I have been thinking about things to blog about for the past few days (since my last entry) and I have been dismissing most of the things I wanted to blog about because I was afraid of the nature of the content and the public nature of this blog. If I have to self-censor in order to feel comfortable writing blog entries, am I really being myself?
I have wanted to write about my more personal interests which few know about, but find myself stopping merely because I don’t know how everyone will react or the exact scope of my blog audience. Where does that line exist between being able to be myself and being overly critical because of some possible future effect of this blog on my professional image? Truthfully, I so no correlation to it, but I am always woried about how I am percieved.
In addition to the blog issues, there have been relationship issues lately where my silence about things have led to bigger problems. Shouldn’t I be able to be myself around my best friend, the one who I feel knows me better than anyone?

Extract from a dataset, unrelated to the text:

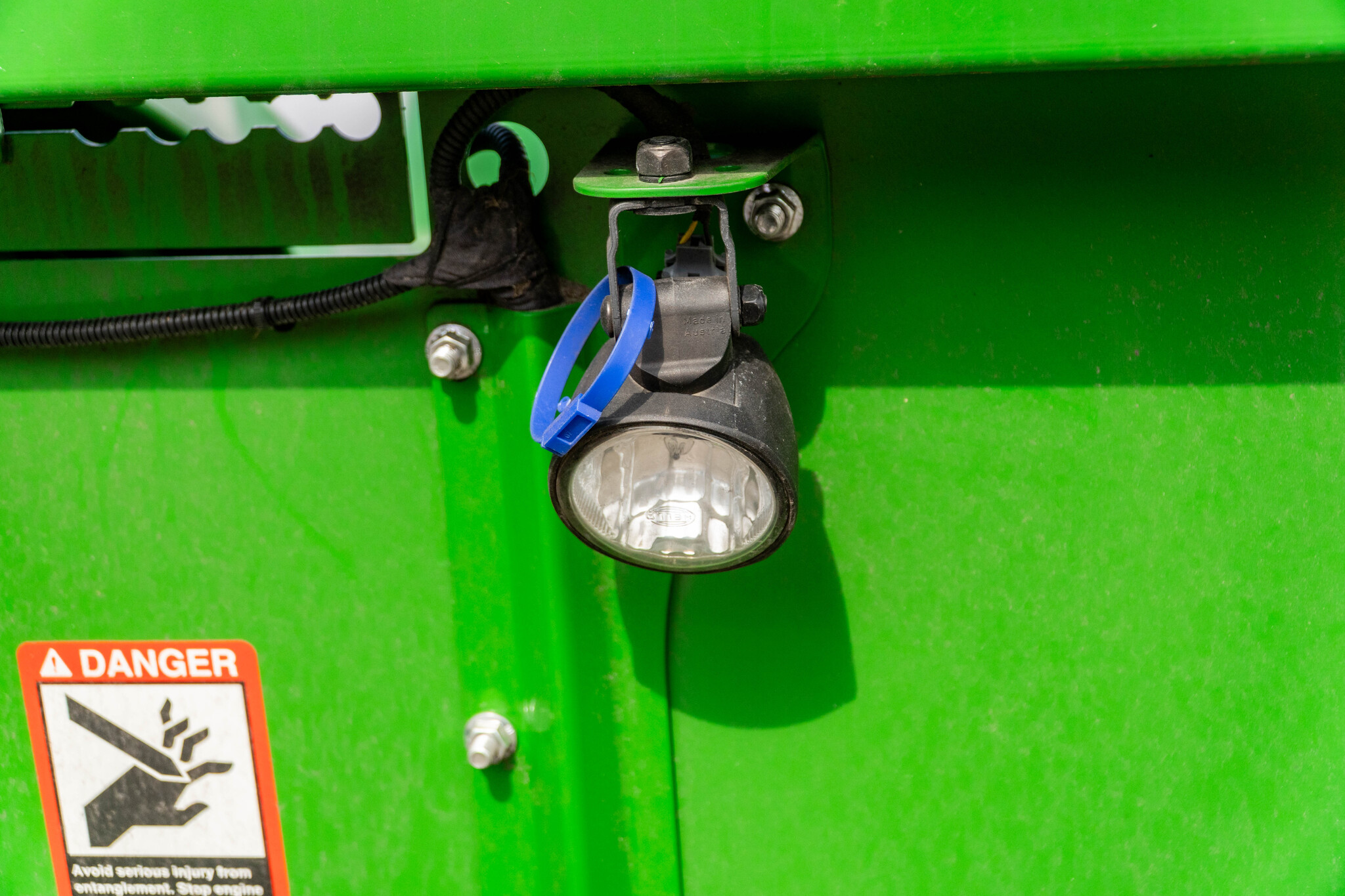 Used 2020 John Deere 712C Corn and Row Crop headers at Koenig Equipment in Greensburg, IN - PhotoXL25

I worry so much about pissing him off or him being upset with me. The other night he just wanted me to leave him alone for a while, but somehow because I felt that I had caused some great relationship-ending transgression, I couldn’t give him that little amount of time he wanted. In that situation there were tons of things on my mind I wanted to talk to him about and express to him, but I was being reserved because of an uncertainty in how he would react. It was mentioned that this doens’t show a lot of trust, and I have to agree, if he and I are to trust each other as much as I think that we do, I have to not worry about his reactions, and just be myself around him. Thats easier said than done (several times over).

One thought on “Not Being Myself

  1. Well Curt, sorry to hear about that. I think that the blog–because it is public–should contain nothing you would regret telling an acquantance.
    Whether you ever feel comfortable enough with yourself to tell an acquantance without feeling awkward–that’s up to you.
    Hope things work out for the best, buddy. Talk to you soon.